**Record set:**

------------------------------------------------------------

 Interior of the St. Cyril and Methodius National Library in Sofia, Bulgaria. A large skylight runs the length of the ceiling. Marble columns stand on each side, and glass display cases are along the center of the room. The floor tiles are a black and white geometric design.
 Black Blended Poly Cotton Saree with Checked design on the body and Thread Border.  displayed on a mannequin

------------------------------------------------------------

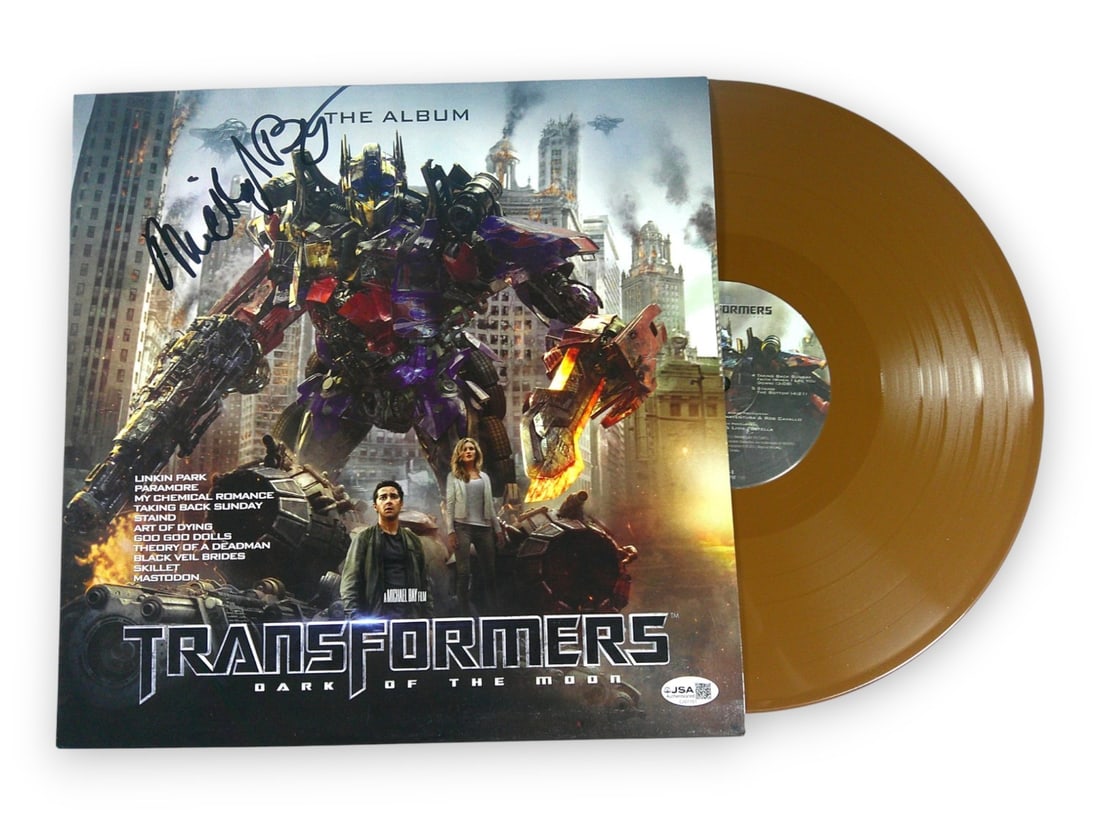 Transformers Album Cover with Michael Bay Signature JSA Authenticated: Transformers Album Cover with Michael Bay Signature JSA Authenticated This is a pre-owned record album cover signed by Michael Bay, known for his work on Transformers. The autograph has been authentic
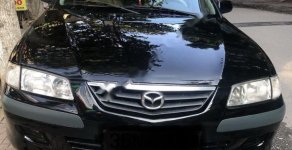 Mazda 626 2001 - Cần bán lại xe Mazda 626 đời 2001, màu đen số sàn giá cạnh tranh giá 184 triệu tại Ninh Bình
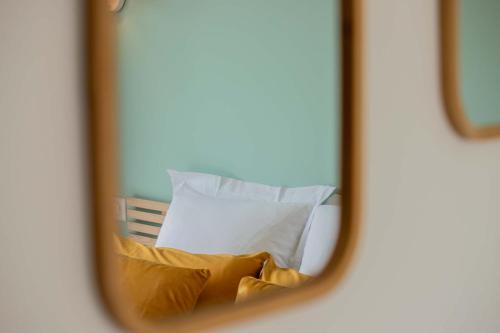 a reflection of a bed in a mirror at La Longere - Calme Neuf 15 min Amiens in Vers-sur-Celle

------------------------------------------------------------

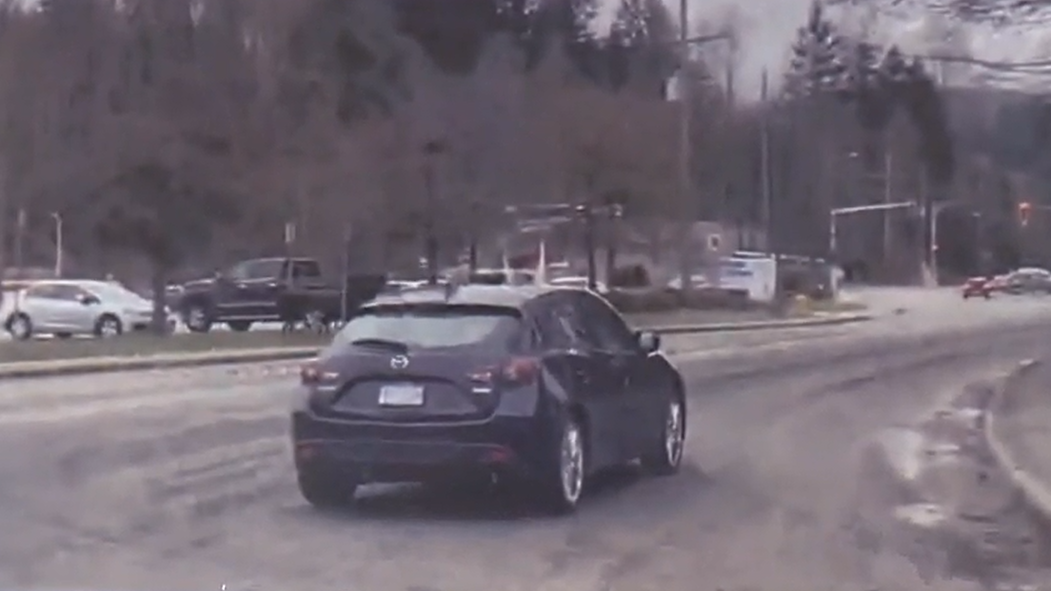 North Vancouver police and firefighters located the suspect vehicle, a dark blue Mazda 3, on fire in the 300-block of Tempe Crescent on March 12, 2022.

------------------------------------------------------------

**What you should do:** Exactly the lines above from the one that contains "Mazda 626 2001" down to the one that contains "a reflection of" are to be output, both ends kept and pictures omitted.

**Worked solution:**
 Mazda 626 2001 - Cần bán lại xe Mazda 626 đời 2001, màu đen số sàn giá cạnh tranh giá 184 triệu tại Ninh Bình
 a reflection of a bed in a mirror at La Longere - Calme Neuf 15 min Amiens in Vers-sur-Celle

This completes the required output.